◆ **WHAT THE TASK REQUIRES**: Filter the listing below down to the lines holding the word "through", and copy those lines.

== == ==

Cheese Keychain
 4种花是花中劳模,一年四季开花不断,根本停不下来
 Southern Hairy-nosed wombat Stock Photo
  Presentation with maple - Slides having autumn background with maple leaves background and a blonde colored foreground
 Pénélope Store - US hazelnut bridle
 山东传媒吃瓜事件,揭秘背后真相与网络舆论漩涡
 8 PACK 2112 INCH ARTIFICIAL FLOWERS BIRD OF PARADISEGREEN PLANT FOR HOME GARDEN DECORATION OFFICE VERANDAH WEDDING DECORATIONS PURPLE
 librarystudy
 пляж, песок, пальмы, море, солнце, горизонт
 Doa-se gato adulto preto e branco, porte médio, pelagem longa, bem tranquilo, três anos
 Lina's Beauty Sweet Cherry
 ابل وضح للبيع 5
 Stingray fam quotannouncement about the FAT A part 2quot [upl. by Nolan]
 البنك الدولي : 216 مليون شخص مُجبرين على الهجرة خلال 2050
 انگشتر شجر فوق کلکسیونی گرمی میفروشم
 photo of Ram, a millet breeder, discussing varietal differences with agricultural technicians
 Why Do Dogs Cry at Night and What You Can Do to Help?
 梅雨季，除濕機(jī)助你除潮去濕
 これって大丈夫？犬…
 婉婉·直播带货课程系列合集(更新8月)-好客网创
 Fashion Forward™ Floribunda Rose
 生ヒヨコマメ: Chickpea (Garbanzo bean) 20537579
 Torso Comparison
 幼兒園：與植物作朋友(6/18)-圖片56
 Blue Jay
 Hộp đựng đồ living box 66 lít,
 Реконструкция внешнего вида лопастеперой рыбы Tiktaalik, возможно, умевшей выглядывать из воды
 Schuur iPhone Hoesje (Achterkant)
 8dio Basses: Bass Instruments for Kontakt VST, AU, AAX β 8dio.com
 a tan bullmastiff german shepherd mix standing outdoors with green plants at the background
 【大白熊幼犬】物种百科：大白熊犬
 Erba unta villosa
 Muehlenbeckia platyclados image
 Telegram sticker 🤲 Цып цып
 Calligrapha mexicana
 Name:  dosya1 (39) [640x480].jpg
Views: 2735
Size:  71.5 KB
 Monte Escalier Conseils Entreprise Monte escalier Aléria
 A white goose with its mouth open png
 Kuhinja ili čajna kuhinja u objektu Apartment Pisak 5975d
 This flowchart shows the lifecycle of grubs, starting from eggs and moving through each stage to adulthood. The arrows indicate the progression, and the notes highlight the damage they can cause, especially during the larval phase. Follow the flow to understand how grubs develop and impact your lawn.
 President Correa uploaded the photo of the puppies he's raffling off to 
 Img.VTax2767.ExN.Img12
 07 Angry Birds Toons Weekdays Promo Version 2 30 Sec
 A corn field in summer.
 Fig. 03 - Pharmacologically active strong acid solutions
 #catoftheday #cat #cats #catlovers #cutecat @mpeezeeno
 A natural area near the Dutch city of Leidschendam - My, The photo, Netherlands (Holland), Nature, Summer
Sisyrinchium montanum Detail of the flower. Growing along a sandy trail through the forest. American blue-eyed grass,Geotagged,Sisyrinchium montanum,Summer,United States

== == ==

◆ **EXERCISE RESULT**:
 This flowchart shows the lifecycle of grubs, starting from eggs and moving through each stage to adulthood. The arrows indicate the progression, and the notes highlight the damage they can cause, especially during the larval phase. Follow the flow to understand how grubs develop and impact your lawn.
Sisyrinchium montanum Detail of the flower. Growing along a sandy trail through the forest. American blue-eyed grass,Geotagged,Sisyrinchium montanum,Summer,United States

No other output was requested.